> **Task directions**
What should be copied is the stretch of entries below from the line with "11mm silver zinc" up to and including the line with "Poltrona reclinabile con poggiapiedi", exactly and without images.

> **Records provided**
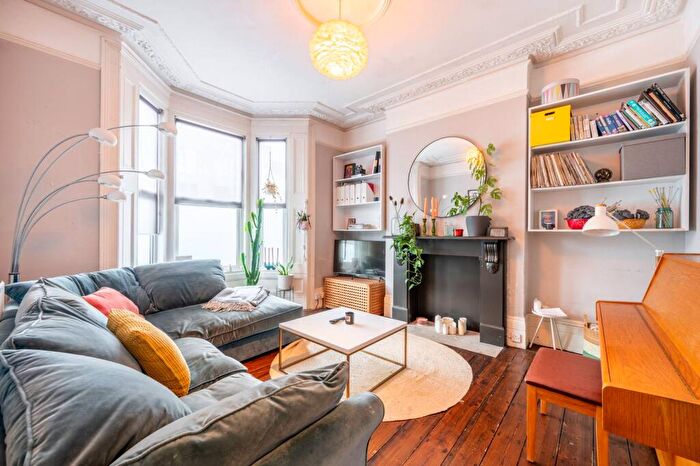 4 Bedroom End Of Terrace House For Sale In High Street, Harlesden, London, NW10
* * *
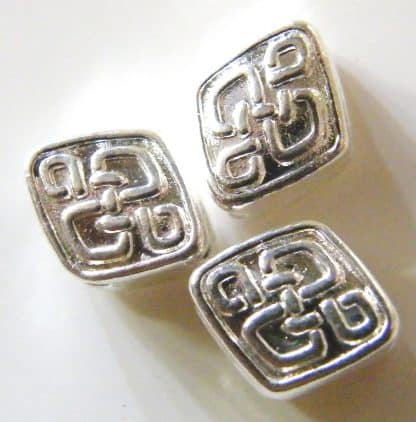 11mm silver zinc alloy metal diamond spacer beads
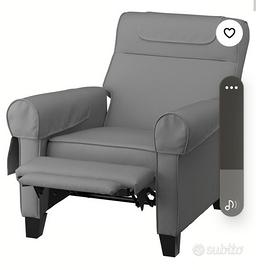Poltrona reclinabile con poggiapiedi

> **Exercise response**
 11mm silver zinc alloy metal diamond spacer beads
Poltrona reclinabile con poggiapiedi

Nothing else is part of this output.